Your instructions
Could the data below be copied exactly, minus the pictures?

Data shown
• • • • •

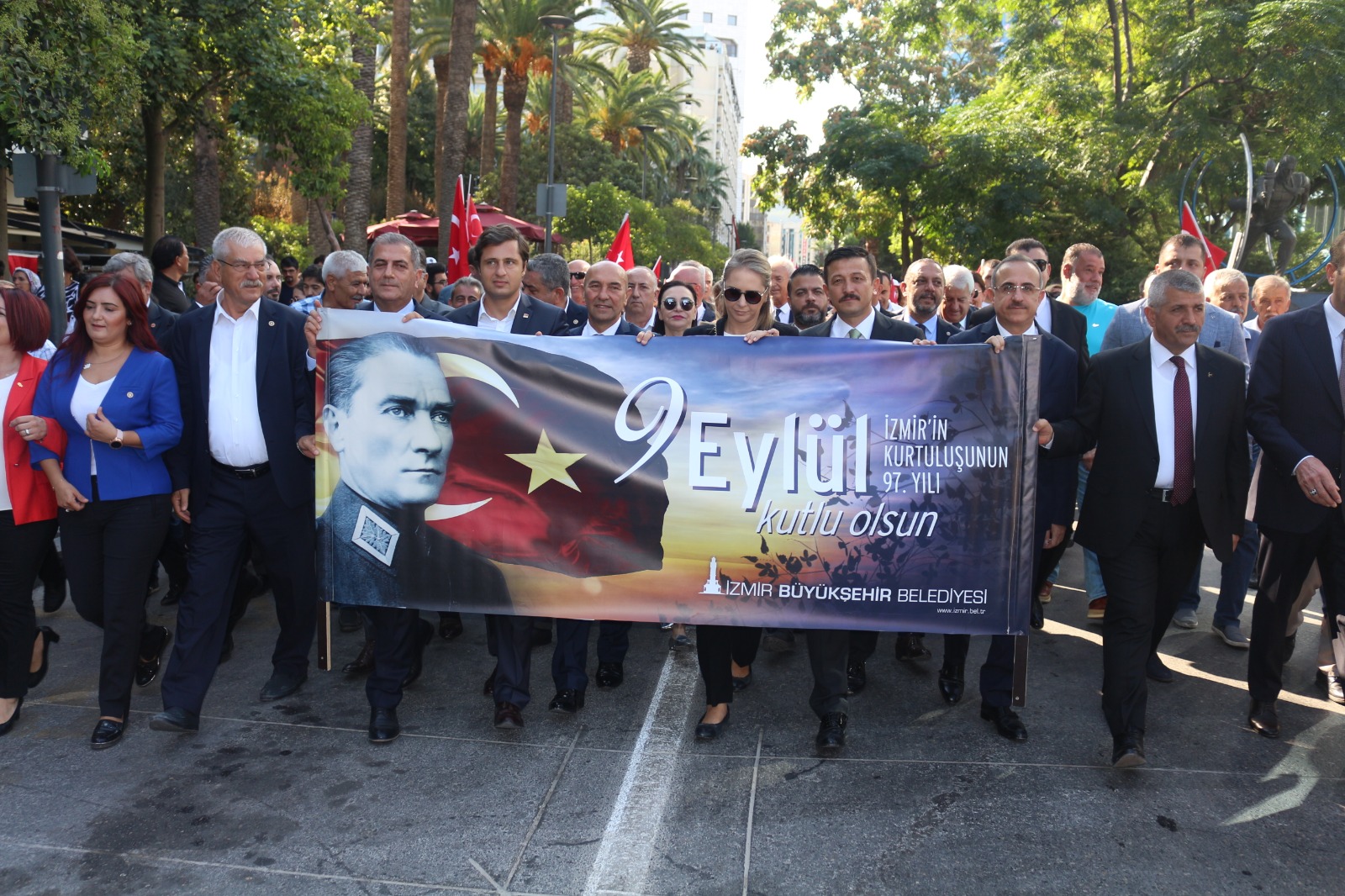 İzmir'de 9 Eylül coşkusu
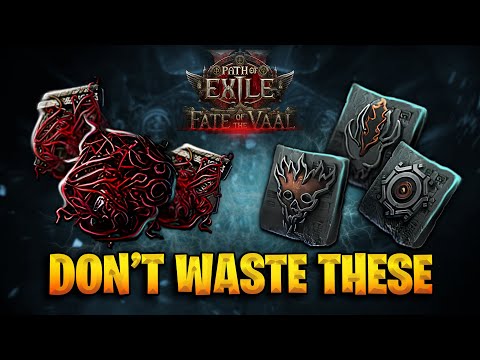 Stop Wasting Waystones and Tablets - POE2 Endgame Guide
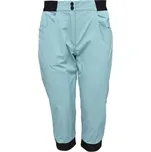 Dámské trekingové 3/4 kalhoty Northfinder NIKKI S Světle modrá, Černá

• • • • •

Result for this exercise
 İzmir'de 9 Eylül coşkusu
 Stop Wasting Waystones and Tablets - POE2 Endgame Guide
 Dámské trekingové 3/4 kalhoty Northfinder NIKKI S Světle modrá, Černá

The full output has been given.